------ Dataset records ------

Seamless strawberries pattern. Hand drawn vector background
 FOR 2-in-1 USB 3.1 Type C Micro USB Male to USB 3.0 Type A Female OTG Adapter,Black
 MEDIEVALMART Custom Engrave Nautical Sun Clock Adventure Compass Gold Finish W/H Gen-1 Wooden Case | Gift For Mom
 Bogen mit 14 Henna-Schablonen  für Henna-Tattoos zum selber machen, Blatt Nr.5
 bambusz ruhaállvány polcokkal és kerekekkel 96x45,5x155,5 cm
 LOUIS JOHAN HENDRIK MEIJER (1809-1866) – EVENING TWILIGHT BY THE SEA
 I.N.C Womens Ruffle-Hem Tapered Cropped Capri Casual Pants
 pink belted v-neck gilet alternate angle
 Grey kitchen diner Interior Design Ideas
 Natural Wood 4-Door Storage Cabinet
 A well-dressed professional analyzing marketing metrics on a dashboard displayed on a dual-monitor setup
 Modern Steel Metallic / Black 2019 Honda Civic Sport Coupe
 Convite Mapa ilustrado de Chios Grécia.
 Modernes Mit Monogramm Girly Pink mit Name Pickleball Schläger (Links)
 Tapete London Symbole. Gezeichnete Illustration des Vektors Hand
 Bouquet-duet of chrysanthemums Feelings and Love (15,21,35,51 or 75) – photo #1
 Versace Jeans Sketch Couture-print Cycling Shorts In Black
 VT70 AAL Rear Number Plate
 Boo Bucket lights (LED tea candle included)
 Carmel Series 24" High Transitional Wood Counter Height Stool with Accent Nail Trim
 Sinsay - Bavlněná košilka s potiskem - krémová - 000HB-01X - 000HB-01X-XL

------

◆ **The problem**: Please restate only the opening stretch of the records above: every line from the first through the one containing "MEDIEVALMART Custom Engrave", exactly as written.

◆ **Answer box**:
Seamless strawberries pattern. Hand drawn vector background
 FOR 2-in-1 USB 3.1 Type C Micro USB Male to USB 3.0 Type A Female OTG Adapter,Black
 MEDIEVALMART Custom Engrave Nautical Sun Clock Adventure Compass Gold Finish W/H Gen-1 Wooden Case | Gift For Mom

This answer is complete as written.